Vehicle tyres and synthetic clothes are two of the leading causes of household microplastic pollution, a report from Friends of the Earth UK has found. 

The UK study estimated that just four main sources delivered between 9,000 and 32,000 tonnes of microplastics into waterways every year.

The two worst causes were tyre abrasion and the washing of synthetic clothes, such as fleeces.

When people wash clothes made from synthetic material it passes through the sewage system because there are no systems to recover these tiny plastic fibres. They eventually end up in rivers or the marine environment. In parts of Europe it is estimated that two-thirds of clothing are made from synthetic materials.

Recent studies have shown that plastic ends up in the human body. 

This study, which was carried out by Eunomia for Friends of the Earth UK, reveals that household plastic waste is roughly on par with large plastic waste, such as bottles, as around 26,000 tonnes of that also enters UK waterways each year.

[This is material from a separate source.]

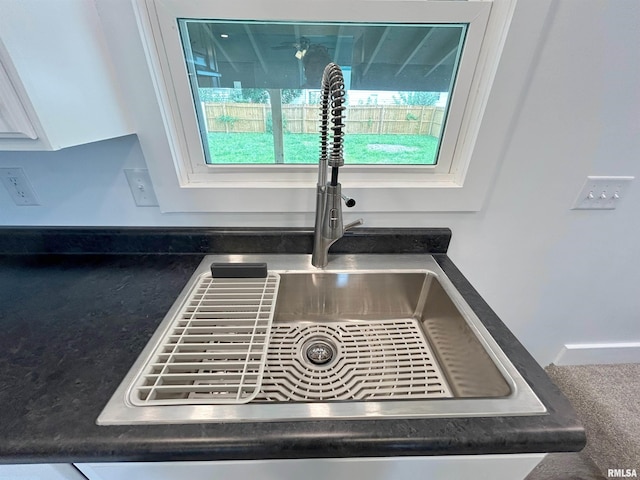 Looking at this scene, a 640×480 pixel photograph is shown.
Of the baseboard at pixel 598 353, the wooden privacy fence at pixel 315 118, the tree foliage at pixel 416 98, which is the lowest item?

The four main sources of microplastic waste, according to the report which was reported on today in the Guardian, were as follows:

  • Vehicle tyres: plastic microfibers are created when abrasion on the road surface creates tiny fragments which wash into streams and rivers;
  • Clothing: the washing of synthetic clothing separates tiny specs of plastic which make their way through the water treatment system;
  • Plastic pellets used to manufacture plastic items: These tiny cast off from manifactured items make their way to waterways;
  • Paints on buildings and road markings: Weather and flake-off results in tonnes of these tiny fragments ending up in surface water every year.

Earlier this year Eunomia also produced a report for the European Commission on microplastics, particularly those created by wear and tear.

They concluded that the largest reductions could be made at source. They called for new measures to limit the release of manufacturing pellets, to remove the worst performing tyres from the market and to analyse the synthetic clothing that emits the most microfibers when washed and take measures to limit their access to the market.

Project Manager Simon Hann said:

“It was exciting to have the opportunity to produce the first piece of significant research into the crucial area of microplastic release. The European Commission has used our research to inform the EU Plastics Strategy, and we hope to see some of the measures put forward informing both producers and policy makers in the future.”